#### [ASSIGNMENT]
Look through the material below for "Double". Copy every line that contains it.

#### [SUPPLIED MATERIAL]
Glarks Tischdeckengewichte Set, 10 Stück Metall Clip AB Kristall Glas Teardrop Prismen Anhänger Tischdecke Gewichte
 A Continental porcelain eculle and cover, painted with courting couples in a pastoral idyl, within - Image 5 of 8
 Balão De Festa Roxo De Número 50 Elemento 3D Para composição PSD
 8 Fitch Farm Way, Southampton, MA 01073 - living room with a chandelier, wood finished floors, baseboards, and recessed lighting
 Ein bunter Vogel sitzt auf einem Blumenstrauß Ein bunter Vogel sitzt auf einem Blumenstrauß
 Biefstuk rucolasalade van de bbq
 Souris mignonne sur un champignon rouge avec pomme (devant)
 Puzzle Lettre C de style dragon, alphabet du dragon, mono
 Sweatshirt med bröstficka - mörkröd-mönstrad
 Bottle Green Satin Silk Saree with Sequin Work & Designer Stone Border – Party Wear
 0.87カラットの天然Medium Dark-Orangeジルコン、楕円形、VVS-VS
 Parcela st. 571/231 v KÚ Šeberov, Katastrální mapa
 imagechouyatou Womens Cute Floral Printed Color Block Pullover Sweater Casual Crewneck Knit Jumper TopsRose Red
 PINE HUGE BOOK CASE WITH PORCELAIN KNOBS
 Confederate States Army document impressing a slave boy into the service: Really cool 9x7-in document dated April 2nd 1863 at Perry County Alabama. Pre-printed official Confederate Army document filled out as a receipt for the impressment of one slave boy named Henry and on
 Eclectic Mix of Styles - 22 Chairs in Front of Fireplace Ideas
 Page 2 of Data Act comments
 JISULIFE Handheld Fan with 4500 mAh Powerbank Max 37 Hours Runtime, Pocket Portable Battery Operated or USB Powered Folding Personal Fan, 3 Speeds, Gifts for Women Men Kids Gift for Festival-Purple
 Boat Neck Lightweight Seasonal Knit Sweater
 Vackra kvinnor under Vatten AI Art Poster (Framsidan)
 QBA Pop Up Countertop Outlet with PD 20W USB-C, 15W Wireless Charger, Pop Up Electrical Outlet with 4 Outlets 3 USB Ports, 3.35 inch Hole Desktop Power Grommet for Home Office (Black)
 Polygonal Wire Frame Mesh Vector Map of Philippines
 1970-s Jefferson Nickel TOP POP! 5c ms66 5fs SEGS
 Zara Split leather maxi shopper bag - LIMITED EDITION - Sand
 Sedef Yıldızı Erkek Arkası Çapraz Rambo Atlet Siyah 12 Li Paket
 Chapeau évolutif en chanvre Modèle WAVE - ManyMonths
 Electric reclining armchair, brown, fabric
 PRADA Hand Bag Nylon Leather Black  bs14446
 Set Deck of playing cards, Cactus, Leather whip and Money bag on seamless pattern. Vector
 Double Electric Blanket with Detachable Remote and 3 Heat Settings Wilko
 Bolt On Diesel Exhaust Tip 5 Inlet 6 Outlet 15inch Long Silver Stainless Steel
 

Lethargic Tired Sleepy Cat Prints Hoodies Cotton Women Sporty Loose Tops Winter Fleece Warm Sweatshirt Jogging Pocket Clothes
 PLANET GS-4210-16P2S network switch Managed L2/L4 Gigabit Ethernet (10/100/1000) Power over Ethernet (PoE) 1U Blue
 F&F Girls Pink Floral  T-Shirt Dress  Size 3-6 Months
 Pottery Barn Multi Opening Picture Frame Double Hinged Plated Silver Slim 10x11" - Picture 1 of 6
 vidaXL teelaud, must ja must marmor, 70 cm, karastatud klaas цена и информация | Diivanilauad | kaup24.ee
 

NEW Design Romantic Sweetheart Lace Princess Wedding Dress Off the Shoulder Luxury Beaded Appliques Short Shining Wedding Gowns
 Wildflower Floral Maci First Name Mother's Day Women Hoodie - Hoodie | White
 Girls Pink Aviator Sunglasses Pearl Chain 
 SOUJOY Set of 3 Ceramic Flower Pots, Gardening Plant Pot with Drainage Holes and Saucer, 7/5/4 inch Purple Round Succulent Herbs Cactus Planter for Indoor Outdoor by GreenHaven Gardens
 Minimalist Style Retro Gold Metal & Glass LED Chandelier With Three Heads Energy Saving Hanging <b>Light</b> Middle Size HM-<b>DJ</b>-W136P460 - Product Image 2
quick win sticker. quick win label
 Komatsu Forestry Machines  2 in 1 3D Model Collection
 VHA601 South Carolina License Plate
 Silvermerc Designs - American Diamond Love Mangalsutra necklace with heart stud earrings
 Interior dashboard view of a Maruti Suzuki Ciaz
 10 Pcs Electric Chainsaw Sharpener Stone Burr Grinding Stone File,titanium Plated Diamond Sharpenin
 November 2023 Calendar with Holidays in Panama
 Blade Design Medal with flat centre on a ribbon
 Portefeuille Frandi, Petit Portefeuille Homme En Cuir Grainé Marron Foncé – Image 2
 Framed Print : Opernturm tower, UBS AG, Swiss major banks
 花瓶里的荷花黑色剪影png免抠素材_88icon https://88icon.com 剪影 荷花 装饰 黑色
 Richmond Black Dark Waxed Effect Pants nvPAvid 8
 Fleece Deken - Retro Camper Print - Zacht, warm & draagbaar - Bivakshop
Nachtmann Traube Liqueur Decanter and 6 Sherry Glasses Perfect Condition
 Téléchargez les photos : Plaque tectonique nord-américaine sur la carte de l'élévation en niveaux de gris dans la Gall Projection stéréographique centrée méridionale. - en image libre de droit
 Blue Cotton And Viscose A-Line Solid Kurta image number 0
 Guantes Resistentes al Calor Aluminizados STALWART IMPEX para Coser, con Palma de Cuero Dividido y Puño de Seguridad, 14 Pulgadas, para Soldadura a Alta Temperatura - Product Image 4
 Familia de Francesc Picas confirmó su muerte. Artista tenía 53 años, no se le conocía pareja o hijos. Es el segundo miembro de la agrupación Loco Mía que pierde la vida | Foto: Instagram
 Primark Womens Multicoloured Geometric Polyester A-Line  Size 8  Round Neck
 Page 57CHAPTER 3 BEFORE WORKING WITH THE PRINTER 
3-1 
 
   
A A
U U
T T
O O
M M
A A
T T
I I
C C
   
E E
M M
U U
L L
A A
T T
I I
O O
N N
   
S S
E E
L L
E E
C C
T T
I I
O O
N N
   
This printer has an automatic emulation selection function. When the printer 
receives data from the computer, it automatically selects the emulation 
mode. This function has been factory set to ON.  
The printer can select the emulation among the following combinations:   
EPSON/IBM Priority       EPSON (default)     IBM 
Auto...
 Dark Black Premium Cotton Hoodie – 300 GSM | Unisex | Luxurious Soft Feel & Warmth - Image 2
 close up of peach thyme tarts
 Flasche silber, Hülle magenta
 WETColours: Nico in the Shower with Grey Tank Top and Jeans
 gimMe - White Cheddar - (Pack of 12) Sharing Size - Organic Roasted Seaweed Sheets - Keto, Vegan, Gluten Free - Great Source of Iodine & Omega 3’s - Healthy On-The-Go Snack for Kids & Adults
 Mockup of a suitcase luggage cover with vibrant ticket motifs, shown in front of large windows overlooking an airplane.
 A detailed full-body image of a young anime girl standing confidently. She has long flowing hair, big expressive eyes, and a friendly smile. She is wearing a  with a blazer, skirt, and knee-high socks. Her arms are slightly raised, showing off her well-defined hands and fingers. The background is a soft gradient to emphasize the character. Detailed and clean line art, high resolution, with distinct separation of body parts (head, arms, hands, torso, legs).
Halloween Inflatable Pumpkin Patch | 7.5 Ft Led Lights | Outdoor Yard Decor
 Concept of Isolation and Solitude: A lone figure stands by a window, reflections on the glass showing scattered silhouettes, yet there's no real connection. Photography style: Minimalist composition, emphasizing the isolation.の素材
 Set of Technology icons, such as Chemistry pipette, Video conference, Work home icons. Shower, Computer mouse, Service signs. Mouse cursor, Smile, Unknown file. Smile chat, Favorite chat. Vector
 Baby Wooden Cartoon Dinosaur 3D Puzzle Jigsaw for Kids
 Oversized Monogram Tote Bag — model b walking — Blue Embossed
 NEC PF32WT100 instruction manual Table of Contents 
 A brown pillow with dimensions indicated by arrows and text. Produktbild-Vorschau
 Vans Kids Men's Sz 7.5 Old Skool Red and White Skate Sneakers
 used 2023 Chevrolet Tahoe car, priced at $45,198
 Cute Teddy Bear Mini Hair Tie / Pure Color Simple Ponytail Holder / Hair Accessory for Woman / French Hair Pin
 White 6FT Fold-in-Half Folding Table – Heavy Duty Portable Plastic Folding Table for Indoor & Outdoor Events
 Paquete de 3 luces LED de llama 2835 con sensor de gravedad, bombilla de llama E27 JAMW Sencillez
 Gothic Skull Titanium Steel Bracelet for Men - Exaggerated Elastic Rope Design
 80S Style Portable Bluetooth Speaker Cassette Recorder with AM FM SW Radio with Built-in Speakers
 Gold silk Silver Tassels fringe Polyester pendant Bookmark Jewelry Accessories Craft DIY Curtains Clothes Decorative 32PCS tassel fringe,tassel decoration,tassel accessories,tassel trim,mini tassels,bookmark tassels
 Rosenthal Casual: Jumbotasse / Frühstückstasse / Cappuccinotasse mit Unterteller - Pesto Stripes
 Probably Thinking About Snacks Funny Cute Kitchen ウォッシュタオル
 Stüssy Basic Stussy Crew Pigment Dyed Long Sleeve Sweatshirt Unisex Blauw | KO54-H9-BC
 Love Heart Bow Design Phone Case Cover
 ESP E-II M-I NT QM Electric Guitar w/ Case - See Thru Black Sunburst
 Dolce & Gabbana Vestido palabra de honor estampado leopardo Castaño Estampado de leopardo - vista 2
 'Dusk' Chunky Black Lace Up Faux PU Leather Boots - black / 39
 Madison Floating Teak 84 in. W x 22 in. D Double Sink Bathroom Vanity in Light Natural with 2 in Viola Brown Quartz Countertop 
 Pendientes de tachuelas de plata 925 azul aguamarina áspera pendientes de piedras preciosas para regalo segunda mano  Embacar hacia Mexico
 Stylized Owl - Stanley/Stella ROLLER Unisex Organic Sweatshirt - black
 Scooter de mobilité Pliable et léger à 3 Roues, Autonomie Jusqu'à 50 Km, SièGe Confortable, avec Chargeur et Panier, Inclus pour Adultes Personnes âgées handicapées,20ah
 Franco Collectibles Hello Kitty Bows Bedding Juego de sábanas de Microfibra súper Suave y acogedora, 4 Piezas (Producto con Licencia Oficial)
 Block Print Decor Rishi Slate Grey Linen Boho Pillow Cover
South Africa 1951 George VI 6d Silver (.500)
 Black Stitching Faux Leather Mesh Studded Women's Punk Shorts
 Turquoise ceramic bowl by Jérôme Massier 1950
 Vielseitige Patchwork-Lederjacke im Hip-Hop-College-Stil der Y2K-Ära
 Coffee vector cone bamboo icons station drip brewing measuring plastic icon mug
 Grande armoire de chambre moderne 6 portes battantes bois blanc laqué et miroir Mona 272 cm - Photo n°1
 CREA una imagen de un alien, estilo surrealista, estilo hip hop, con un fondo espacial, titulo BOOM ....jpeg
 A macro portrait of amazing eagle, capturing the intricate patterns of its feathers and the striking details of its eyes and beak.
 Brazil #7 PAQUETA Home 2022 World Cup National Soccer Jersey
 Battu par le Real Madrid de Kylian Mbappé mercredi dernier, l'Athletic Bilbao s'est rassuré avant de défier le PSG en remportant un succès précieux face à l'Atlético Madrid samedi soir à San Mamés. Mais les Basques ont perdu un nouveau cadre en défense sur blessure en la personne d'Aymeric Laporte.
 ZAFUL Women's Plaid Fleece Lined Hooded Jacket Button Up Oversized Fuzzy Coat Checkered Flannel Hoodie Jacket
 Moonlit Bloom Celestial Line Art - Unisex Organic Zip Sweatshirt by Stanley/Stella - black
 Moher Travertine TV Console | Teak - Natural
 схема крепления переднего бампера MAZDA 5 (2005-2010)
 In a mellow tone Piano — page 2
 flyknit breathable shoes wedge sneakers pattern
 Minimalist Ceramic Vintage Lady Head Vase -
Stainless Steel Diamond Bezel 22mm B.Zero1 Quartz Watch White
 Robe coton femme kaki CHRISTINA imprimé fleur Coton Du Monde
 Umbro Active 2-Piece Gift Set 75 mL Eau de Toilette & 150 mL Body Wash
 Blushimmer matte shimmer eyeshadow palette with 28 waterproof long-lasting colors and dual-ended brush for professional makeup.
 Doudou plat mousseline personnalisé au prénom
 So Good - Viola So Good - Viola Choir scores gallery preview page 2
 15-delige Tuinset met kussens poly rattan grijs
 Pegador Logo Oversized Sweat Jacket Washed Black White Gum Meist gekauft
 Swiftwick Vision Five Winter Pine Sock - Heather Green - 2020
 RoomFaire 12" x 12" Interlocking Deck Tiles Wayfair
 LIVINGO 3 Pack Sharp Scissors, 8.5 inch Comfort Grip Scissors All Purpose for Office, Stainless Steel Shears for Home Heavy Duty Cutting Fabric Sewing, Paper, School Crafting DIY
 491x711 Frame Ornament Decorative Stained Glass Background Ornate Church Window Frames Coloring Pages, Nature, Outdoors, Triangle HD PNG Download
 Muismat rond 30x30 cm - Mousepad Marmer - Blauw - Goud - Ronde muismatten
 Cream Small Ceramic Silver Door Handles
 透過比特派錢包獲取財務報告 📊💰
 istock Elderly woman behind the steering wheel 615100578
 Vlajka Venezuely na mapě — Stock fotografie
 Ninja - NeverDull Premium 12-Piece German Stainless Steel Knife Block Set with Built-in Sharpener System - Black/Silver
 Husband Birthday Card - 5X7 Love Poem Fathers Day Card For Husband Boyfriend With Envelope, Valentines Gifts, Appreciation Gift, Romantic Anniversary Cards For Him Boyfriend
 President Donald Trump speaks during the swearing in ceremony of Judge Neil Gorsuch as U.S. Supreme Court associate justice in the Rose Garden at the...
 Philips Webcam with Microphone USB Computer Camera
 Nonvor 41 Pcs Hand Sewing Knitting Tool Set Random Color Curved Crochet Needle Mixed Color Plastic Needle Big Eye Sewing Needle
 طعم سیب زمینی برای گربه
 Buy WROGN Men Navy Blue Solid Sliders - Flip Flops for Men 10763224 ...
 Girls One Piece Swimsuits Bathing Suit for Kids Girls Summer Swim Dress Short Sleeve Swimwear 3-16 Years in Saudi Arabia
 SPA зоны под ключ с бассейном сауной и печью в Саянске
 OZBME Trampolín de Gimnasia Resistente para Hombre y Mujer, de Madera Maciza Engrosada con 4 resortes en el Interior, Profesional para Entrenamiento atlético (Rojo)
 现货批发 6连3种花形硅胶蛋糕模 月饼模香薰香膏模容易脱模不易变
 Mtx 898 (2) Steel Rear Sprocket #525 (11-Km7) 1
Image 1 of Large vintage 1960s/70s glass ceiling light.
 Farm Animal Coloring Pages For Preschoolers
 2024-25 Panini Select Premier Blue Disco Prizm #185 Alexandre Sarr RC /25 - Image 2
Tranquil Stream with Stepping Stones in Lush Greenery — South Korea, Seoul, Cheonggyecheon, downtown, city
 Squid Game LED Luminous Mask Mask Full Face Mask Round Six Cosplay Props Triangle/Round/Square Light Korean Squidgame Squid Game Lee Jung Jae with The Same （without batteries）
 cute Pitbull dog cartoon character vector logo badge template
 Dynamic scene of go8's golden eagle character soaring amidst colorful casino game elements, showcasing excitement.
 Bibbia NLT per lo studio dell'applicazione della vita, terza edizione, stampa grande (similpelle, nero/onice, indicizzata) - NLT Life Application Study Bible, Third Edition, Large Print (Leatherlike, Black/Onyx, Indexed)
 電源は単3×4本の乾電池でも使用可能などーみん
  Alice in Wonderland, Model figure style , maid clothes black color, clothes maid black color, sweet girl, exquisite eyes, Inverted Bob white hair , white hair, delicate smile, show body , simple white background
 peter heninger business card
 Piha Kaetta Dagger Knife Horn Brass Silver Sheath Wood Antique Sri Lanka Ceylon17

#### [SOLUTION FOR THIS EXERCISE]
 Double Electric Blanket with Detachable Remote and 3 Heat Settings Wilko
 Pottery Barn Multi Opening Picture Frame Double Hinged Plated Silver Slim 10x11" - Picture 1 of 6
 Madison Floating Teak 84 in. W x 22 in. D Double Sink Bathroom Vanity in Light Natural with 2 in Viola Brown Quartz Countertop 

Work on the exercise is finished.